Task description ▸ Repeat exactly the lines from the one containing "Vintage Green Agate Silver Brooch" through the last line of the records below, both included, and nothing else.

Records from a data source
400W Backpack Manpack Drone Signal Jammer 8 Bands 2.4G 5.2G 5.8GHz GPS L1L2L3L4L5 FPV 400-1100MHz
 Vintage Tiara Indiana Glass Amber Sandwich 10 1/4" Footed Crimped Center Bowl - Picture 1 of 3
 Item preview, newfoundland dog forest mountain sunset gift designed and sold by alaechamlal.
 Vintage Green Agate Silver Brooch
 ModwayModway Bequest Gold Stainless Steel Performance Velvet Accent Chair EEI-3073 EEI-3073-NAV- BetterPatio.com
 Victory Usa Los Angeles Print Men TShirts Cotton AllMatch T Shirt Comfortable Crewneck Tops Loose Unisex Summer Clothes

Response to the exercise ▸
 Vintage Green Agate Silver Brooch
 ModwayModway Bequest Gold Stainless Steel Performance Velvet Accent Chair EEI-3073 EEI-3073-NAV- BetterPatio.com
 Victory Usa Los Angeles Print Men TShirts Cotton AllMatch T Shirt Comfortable Crewneck Tops Loose Unisex Summer Clothes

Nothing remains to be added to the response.